This exhibition-related book holds up well almost 10 years later. The social and political statements remain relevant. The technique (using large numbers of small objects) remains impressive. We are constantly showered with statistics (gun deaths, plastic ocean, etc.) but these images confront us differently.
"My idea with the Running the Numbers series is to...give you the statistic in a different way that allows the viewer to experience the number more directly with their heart. One of the huge problems that faces our society right now is that...our consumerism, and the resulting global warming, worldwide environmental destruction, the toxification of our oceans, and the desertification of our agricultural lands, and so on, are not happening because there's an extremely bad person out there who is doing a huge amount of terrible consuming. This is happening because of the tiny incremental harm that every single one of us is doing as an individual. The problem is this cumulative effect from the behaviors of hundreds of millions of individuals. Each person looks around at his or her own behavior, and it doesn't look all that bad. What we each have to expand our consciousness to hold is that the cumulative effect of hundreds of millions of individual consumer decisions is causing the worldwide destruction of our environment."
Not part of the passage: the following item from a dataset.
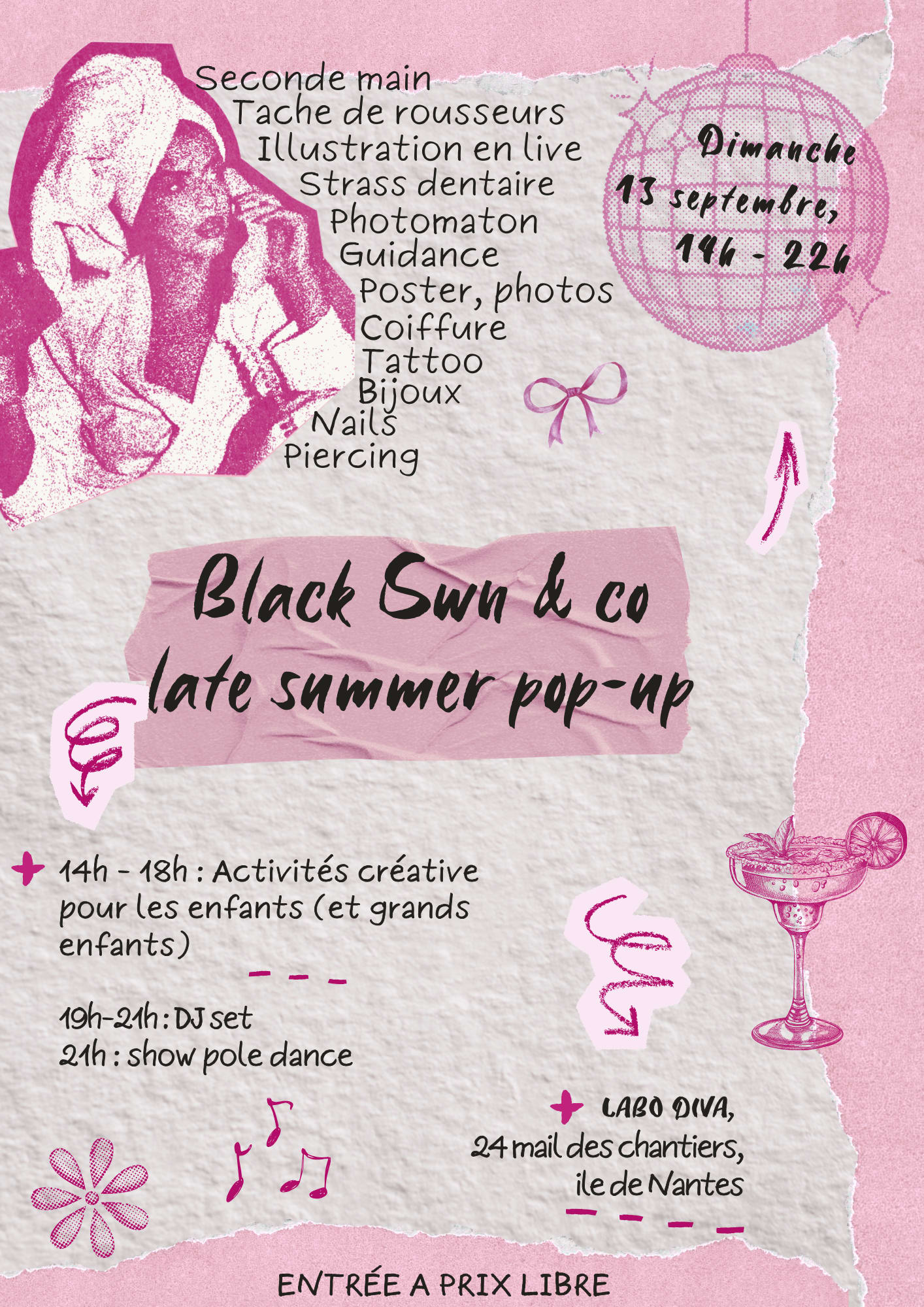 Black Swn & Co — Late Summer Pop-Up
"Each image portrays a specific quantity of something: thirty seconds of our aluminum can consumption, eight hours of commercial jet flights, and so on. My hope is that images representing these statistics might have a different effect than the raw numbers we encounter daily in books, magazines, and the news. Statistics about our mass culture can feel abstract and anesthetizing, making it hard to connect with the profoundly important issues the represent. Finding meaning in these huge numbers is made even more difficult by the fact that there is nowhere we can go to see the actual phenomena--the millions of barrels of oil we burn daily, or the eleven hundred Americans who die every day from smoking cigarettes, or all the children in our country who lack health insurance. They are spread across our nation in an invisible collective that is impossible to experience in any way other than by rows of numbers with lots of zeros, written on a page. In this way, I think of Running the Numbers as a kind of translation, from the deadening language of statistics into a more universal visual language that might allow for more feeling. The underlying aim is to question our roles and responsibilities as individuals in a society that is increasingly enormous, incomprehensible, and overwhelming."